◆ Task input ◆

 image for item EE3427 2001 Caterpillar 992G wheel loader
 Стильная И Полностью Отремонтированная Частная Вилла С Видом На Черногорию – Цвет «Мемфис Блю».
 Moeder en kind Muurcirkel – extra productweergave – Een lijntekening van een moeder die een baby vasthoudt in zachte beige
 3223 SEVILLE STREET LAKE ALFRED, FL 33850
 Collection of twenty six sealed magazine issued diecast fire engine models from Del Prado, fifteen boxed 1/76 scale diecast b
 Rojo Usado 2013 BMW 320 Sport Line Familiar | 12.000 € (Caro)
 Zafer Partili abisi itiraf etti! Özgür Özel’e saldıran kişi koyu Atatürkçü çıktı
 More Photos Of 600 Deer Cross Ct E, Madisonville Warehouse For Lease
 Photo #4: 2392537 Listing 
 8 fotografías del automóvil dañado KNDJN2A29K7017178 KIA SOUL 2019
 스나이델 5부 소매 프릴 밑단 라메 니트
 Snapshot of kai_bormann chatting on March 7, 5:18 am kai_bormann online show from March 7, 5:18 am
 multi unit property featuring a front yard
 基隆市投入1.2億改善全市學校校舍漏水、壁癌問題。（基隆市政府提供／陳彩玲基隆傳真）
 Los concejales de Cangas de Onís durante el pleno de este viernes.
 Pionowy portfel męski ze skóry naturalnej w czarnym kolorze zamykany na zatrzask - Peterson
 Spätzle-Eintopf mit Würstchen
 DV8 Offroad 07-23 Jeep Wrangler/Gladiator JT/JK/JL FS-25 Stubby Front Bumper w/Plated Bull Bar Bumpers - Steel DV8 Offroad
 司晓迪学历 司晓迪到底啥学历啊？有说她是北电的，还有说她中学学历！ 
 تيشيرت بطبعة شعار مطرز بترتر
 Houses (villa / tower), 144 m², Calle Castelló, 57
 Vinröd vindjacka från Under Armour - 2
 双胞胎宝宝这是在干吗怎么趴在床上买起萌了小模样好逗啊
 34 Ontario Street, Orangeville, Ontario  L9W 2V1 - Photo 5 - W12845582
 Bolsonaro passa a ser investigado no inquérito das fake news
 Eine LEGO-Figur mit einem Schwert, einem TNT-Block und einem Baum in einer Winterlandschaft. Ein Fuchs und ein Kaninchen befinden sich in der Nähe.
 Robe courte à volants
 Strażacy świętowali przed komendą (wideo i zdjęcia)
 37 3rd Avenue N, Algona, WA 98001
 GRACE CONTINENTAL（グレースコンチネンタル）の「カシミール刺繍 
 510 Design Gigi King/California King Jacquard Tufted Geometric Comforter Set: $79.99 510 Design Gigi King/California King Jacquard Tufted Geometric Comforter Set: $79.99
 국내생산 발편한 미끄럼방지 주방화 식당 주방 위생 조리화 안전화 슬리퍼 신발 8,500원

◆ Exercise ◆
Please, from the entries above, set down exactly the lines from the one containing "37 3rd Avenue N, Algona, WA 98001" through the one containing "Set: $79.99 510", and only those.

◆ Answer to this exercise ◆
 37 3rd Avenue N, Algona, WA 98001
 GRACE CONTINENTAL（グレースコンチネンタル）の「カシミール刺繍 
 510 Design Gigi King/California King Jacquard Tufted Geometric Comforter Set: $79.99 510 Design Gigi King/California King Jacquard Tufted Geometric Comforter Set: $79.99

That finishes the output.